DS105A      Half Unit
Data for Data Science

This information is for the 2025/26 session.

Course Convenor

Dr Jon Cardoso Silva

Availability

This course is available on the Erasmus Reciprocal Programme of Study and Exchange Programme for Students from University of California, Berkeley. This course is freely available as an outside option to students on other programmes where regulations permit. It does not require permission. This course is freely available to General Course students. It does not require permission.

Students are expected to participate, in person, of a group presentation on the last week of the Autumn Term.

Requisites

Mutually exclusive courses:

This course cannot be taken with DS105W at any time on the same degree programme.

Additional requisites:

There are no pre-requisites to enter this course, just a strong willingness to learn how to code in Python.

Course content

What the course is about: This course teaches students how to transform, manipulate and analyse 'real data' through a fully hands-on, practical approach from the very beginning.
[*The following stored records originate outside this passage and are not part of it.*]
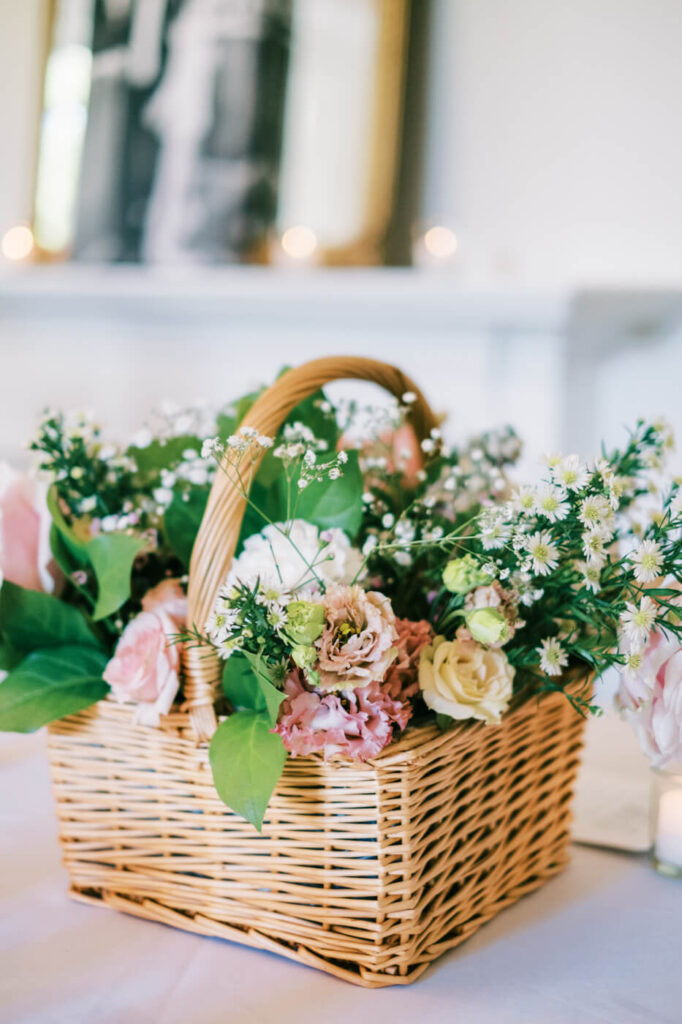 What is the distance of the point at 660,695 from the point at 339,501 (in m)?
0.26

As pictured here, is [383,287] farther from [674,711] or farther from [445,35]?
[674,711]

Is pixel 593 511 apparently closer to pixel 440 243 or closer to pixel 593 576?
pixel 593 576

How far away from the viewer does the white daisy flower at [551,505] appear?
54 centimetres

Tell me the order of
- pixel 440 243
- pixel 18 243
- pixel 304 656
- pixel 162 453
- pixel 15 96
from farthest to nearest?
pixel 15 96 < pixel 18 243 < pixel 440 243 < pixel 162 453 < pixel 304 656

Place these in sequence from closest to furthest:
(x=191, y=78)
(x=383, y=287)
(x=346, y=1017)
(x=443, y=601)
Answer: (x=346, y=1017), (x=443, y=601), (x=383, y=287), (x=191, y=78)

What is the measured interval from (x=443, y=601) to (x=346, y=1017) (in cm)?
27

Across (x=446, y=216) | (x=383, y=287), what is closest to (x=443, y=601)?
(x=383, y=287)

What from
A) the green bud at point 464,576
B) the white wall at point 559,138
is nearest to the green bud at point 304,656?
the green bud at point 464,576

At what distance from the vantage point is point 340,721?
49 centimetres

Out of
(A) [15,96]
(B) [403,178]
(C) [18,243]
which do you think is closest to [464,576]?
(B) [403,178]

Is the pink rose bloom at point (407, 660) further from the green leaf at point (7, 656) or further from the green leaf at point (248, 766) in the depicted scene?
the green leaf at point (7, 656)

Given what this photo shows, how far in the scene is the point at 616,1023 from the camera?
0.50m

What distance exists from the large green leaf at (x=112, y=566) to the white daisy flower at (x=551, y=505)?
27 centimetres

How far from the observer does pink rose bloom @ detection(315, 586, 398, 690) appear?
48 cm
Students are introduced to Python programming in a way that welcomes coding beginners, with weekly coding tasks that build foundational skills progressively. Live coding demonstrations guide students through practical exercises, which they can follow in real-time on their own devices.

The Intended Learning Outcomes of this course (what you can expect to learn) are:

  • Master the fundamentals of data types, structures, and common data formats
  • Apply Python and pandas to clean, reshape and transform raw data
  • Design and implement practical data analysis workflows
  • Use Git and GitHub for version control and collaborative workflows
  • Identify and resolve common data quality issues
  • Integrate data from multiple sources
  • Understand database normalisation concepts and basic SQL queries
  • Create visualisations using lets-plot to apply grammar-of-graphics principles
  • Critically evaluate visualisations and distinguish between correlation and causation
  • Understand the fundamentals of markup languages, including HTML, and the Markdown format for formatting documents and web pages.             
  • Create and maintain simple websites using HTML and CSS
  • Craft clear, accurate and responsible data reports

The course emphasises critical thinking in data analysis, ensuring students can not only produce visualisations but also critically evaluate them. This includes understanding the difference between correlation and causation, avoiding misleading representations, and communicating insights responsibly. The course content incorporates diverse datasets, and case studies and encourages students to apply ethical considerations in their data work, including the responsible use of generative AI tools in the data science workflow.

Notes

  • Older iterations of this course can be seen on the course's public website.
  • Please note that starting from the 2024/25 academic year, more advanced data acquisition techniques such as web scraping are covered in less depth in DS105. Students interested in these topics are encouraged to take DS205 (Advanced Data Manipulation), which explores these methods in more detail.

Teaching

20 hours of lectures and 15 hours of classes in the Autumn Term.

This course has a reading week in Week 6 of Autumn Term.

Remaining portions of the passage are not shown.